Außerhalb Mannheims holt Benjamin Pfeifer mit seinem erst vor kurzem eröffneten Restaurant "Intense" in Kallstadt einen Stern. Der Aufsteiger gehört zu den gerade 30-Jährigen, der die kritischen Tester des Gourmetführers überzeugte. Das tut Manfred Schwarz schon seit vielen Jahren. Lange Jahre war er im "Deidesheimer Hof", betrieb ein Restaurant in Heidelberg und wagte nun einen Neuanfang in Kirchheim an der Weinstraße. "Schwarz Gourmet" legt - wie schon im Jahr zuvor der "Lammershof" - einen bravourösen Start hin und beschert dem 61-jährigen Spitzenkoch gleich im Eröffnungsjahr einen Stern. Starke zwei Sterne gehen an das "Le Cerf" im "Wald & Schlosshotel Friedrichsruhe". In dem Traditionshaus, das schon seit Jahrzehnten die Gourmets in die malerische Landschaft des Hohenlohischen lockt, steht Boris Rommel in der Küche.

Mit Hedi Rink vom "Urgestein" in Neustadt an der Weinstraße ist in der Region eine der wenigen Frauen in der Rolle des Küchenchefs vertreten.
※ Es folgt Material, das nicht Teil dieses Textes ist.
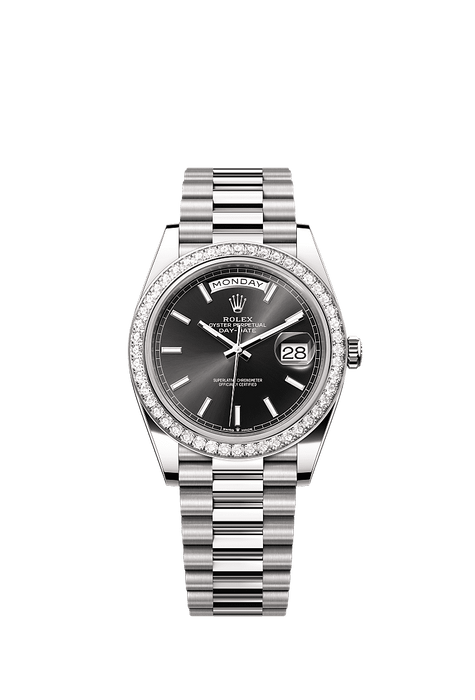 Rolex White Gold Day-Date - 40mm - Bright black - President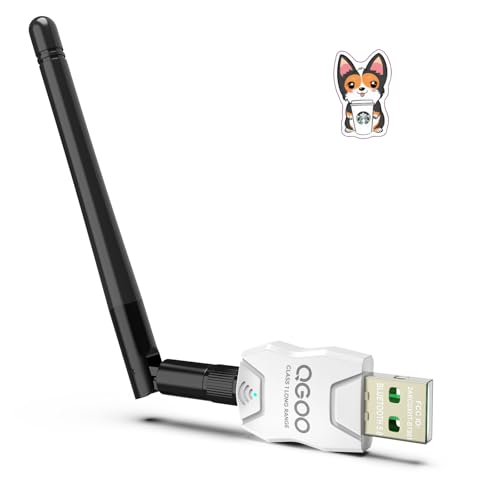 Class 1 Long Range Bluetooth Adapter for PC, QGOO USB Bluetooth Adapter for PC 5.3+EDR, Bluetooth Dongle Bluetooth Receiver Support Windows10/8.1/8/7?white-029?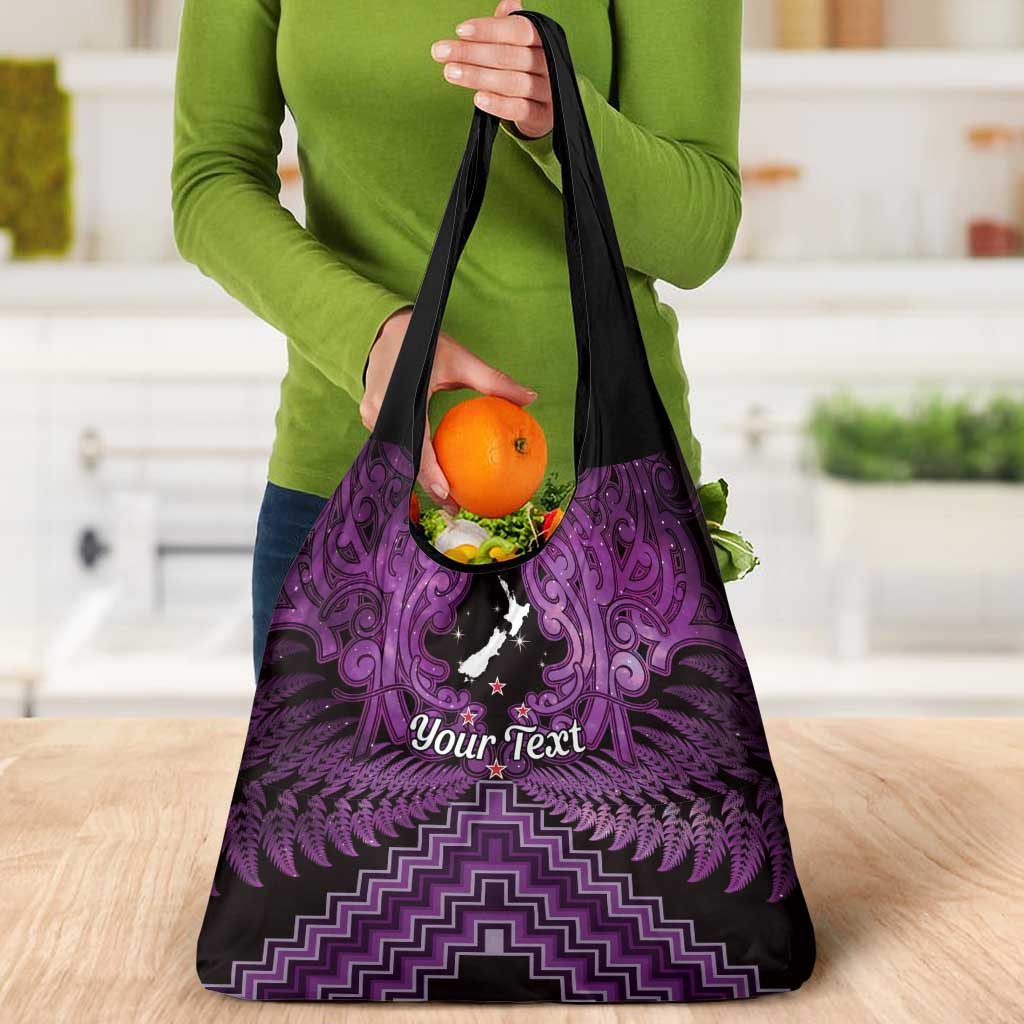 Personalised Aotearoa Matariki Grocery Bag Purple Fern Maori Poutama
Mit nur neun von 300 sind sie weiter deutlich unterrepräsentiert. Zwei Restaurants unter weiblicher Leitung sind für 2018 aber hinzugekommen: in Andernach (Rheinland-Pfalz) und in Essen (Nordrhein-Westfalen) mit jeweils einem Stern. "Die Ente" in Ketsch hat nach dem Weggang von Tommy Möbius ihren Stern verloren.

Drei Sterne, und damit die höchste Auszeichnung vom Guide Michelin, erhielt das Restaurant "Atelier" in München unter der Leitung von Küchenchef Jan Hartwig. Damit gibt es in Deutschland jetzt elf Adressen, die das Spitzenprädikat des Restaurantführers für exzellente Kochkunst tragen. Der 35-jährige Hartwig zählt zu den Shootingstars der deutschen Gastro-Szene.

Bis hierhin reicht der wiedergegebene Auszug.